AVAILABLE DATA -

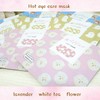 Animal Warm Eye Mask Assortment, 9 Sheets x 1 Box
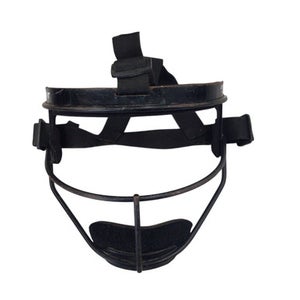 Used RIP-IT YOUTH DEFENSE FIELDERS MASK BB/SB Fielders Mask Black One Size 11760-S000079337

* * *

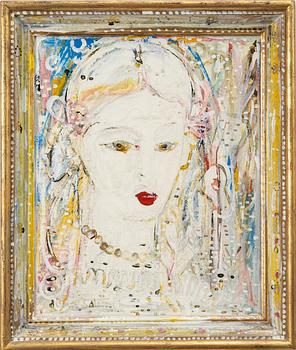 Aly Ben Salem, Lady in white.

WHAT YOU SHOULD DO -
Pictures in the material above should be skipped; print exactly the lines from the one with "Animal Warm Eye" through the one with "Used RIP-IT YOUTH".

SOLUTION TO THIS TASK -
 Animal Warm Eye Mask Assortment, 9 Sheets x 1 Box
 Used RIP-IT YOUTH DEFENSE FIELDERS MASK BB/SB Fielders Mask Black One Size 11760-S000079337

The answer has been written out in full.